日銀 黒田総裁 “企業の資金繰りに厳しさ 金融面から支える”

日銀の黒田総裁は15日に開いた全国の支店長会議で「企業の資金繰りに厳しさがみられる」と指摘し、新型コロナウイルスの影響が長期化する中、資金繰り支援策などを通じて業績が悪化している企業を金融面から支えていく考えを示しました。

オンライン方式で開かれた日銀の支店長会議で、黒田総裁は日本経済の先行きについて、「外需の回復や緩和的な金融環境、政府の経済対策の効果にも支えられて、改善基調をたどるとみられる」と述べました。

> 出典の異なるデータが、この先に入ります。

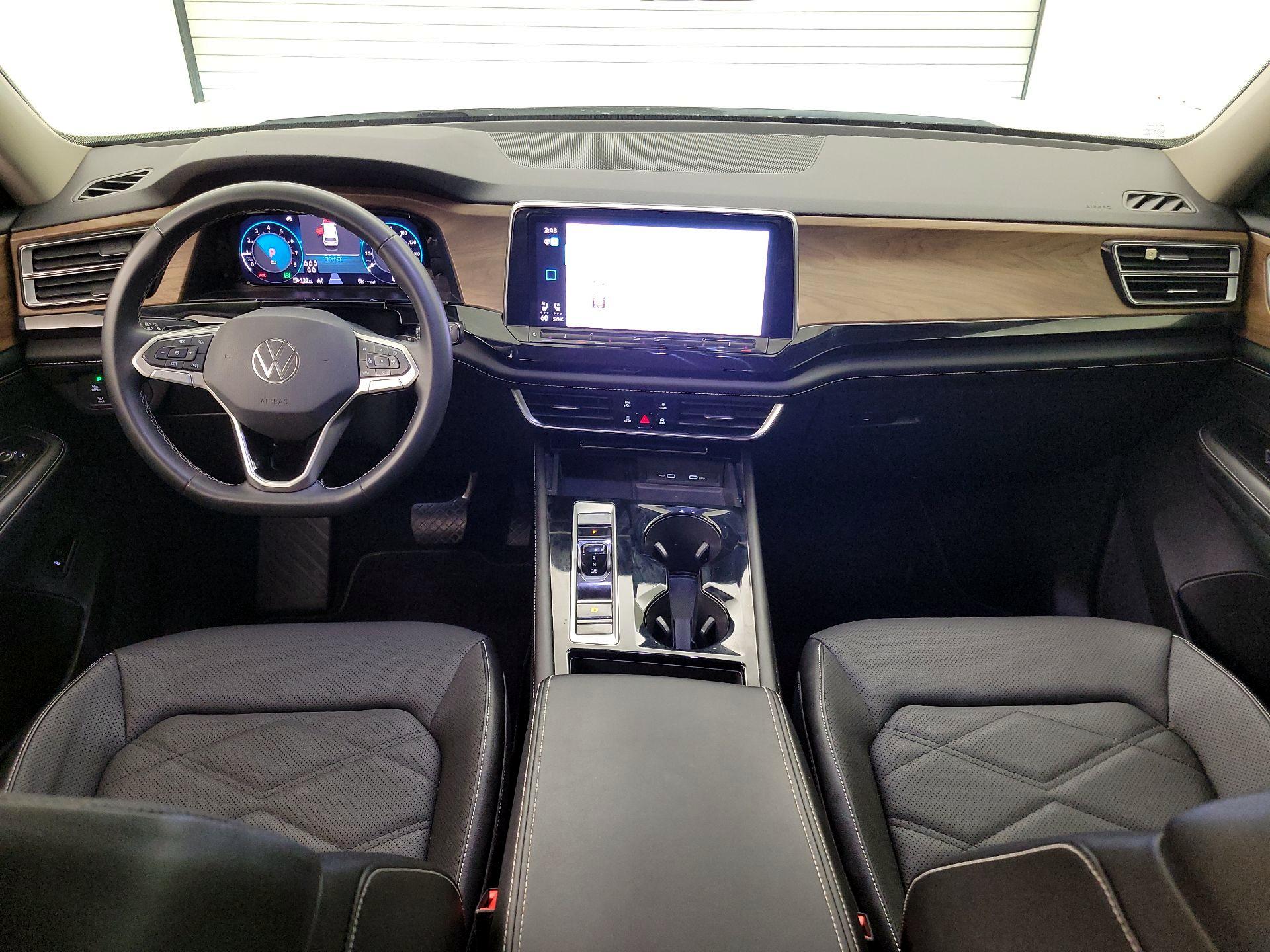 Thumbnail: 2024 Volkswagen Atlas - 9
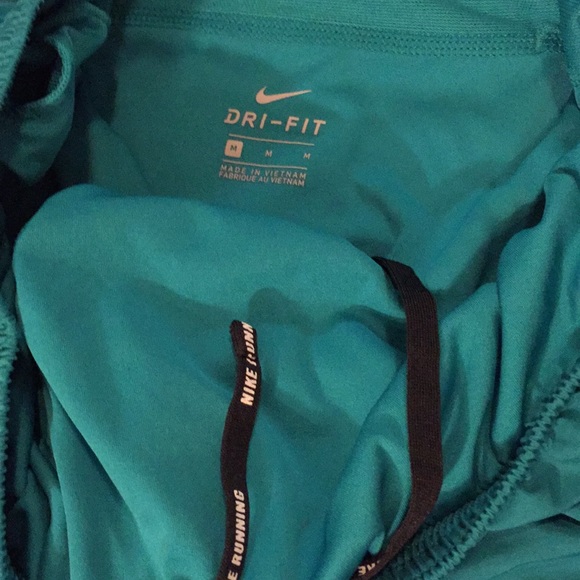 Like new Nike Tempo modern embossed shorts - Picture 4 of 5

その一方で、東京や大阪などに「まん延防止等重点措置」が適用されていることも踏まえ、「感染症への警戒感が続く中で、改善のペースは緩やかなものにとどまると考えられる」としました。

そのうえで黒田総裁は、「金融環境は、全体として緩和した状態にあるが、企業の資金繰りに厳しさがみられるなど、企業金融面で緩和度合いが低下した状態となっている」と指摘し、新型コロナウイルスの影響が長期化する中、資金繰り支援策などを通じて業績が悪化している企業を金融面から支えていく考えを示しました。

日銀大阪支店長「旅行需要なくなるなど影響拡大」

日銀は、関西の景気の現状について「依然として厳しい状態にあるが全体として持ち直している」として、前回・3か月前の判断を据え置きました。

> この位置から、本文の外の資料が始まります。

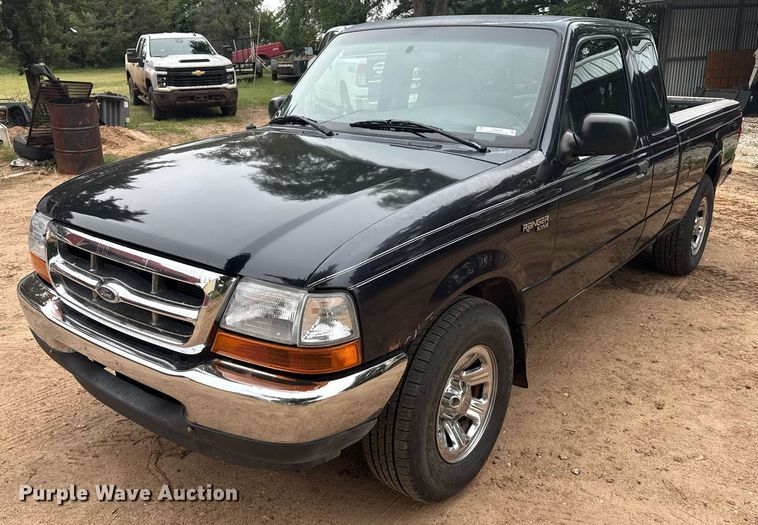 2000 Ford Ranger SuperCab pickup truck - DZ8709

オンラインで記者会見した日銀大阪支店の高口博英支店長は「輸出や生産は緩やかな増加を続け、設備投資も底堅さを増している。ただ、飲食、宿泊、運輸などのサービス消費は『まん延防止等重点措置』などの影響で厳しさを増している。特に宿泊・運輸は、期待していた大型連休の旅行需要がなくなるなど影響が拡大している」と述べました。

名古屋 札幌 福岡 各支店長の反応は

愛知県の大村知事が新型コロナウイルス対策で「まん延防止等重点措置」の適用を要請する考えを示していることについて、日銀名古屋支店の林新一郎支店長は「どのような措置が講じられるかまだ分からないが、何かしらの形で対面サービスの領域に影響が及んでくることは避けがたい部分があるのではないか。個々の企業の事業形態によって程度差があるため、そういう点も細かくみていく必要がある」と述べました。

北海道の景気判断を引き下げたことについて、日銀札幌支店の石井正信支店長は「新型コロナの影響の大きさは極めて不確実性が高く、下振れリスクの方が大きい点に引き続き留意が必要だ。特に個人消費では、外食や旅行などの対面型サービスを中心に、下押し圧力の強い状態が続くことが懸念される」と述べました。

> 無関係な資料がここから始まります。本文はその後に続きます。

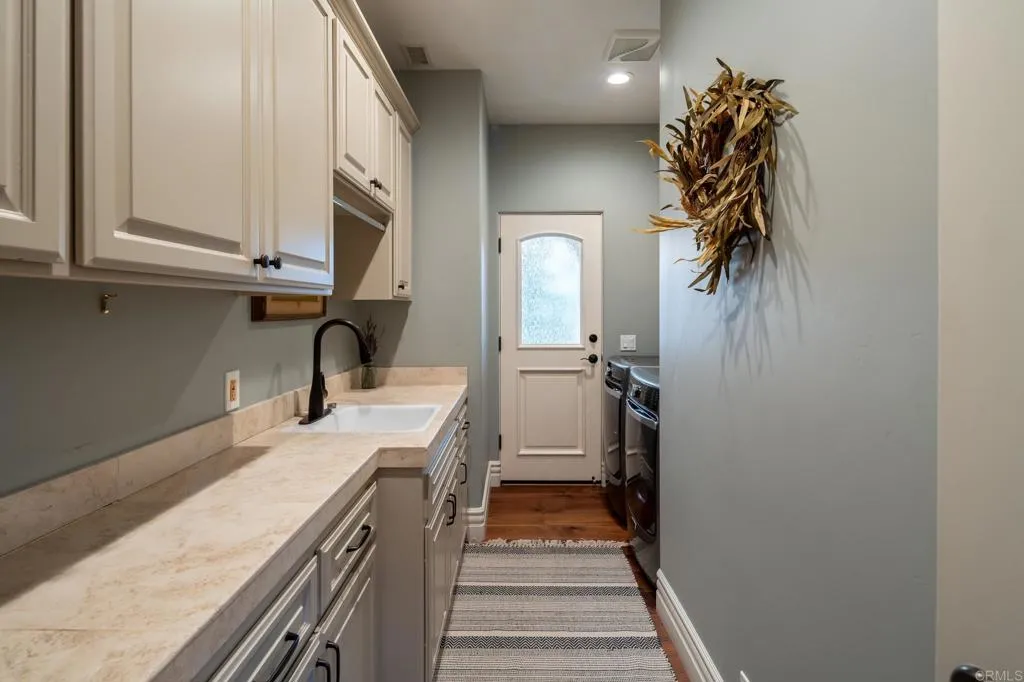 14479 Emerald Lane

日銀福岡支店の冨田淳支店長は「感染再拡大による先行きの不透明感は依然として根強い状況だ。企業の資金繰りも含めて、引き続ききめ細かく点検していきたい。半導体の供給制約に対する懸念は強まってきているとみられ、ルネサスエレクトロニクスの火災の影響が具体的にどのように出るかしっかり見ていきたい」と述べました。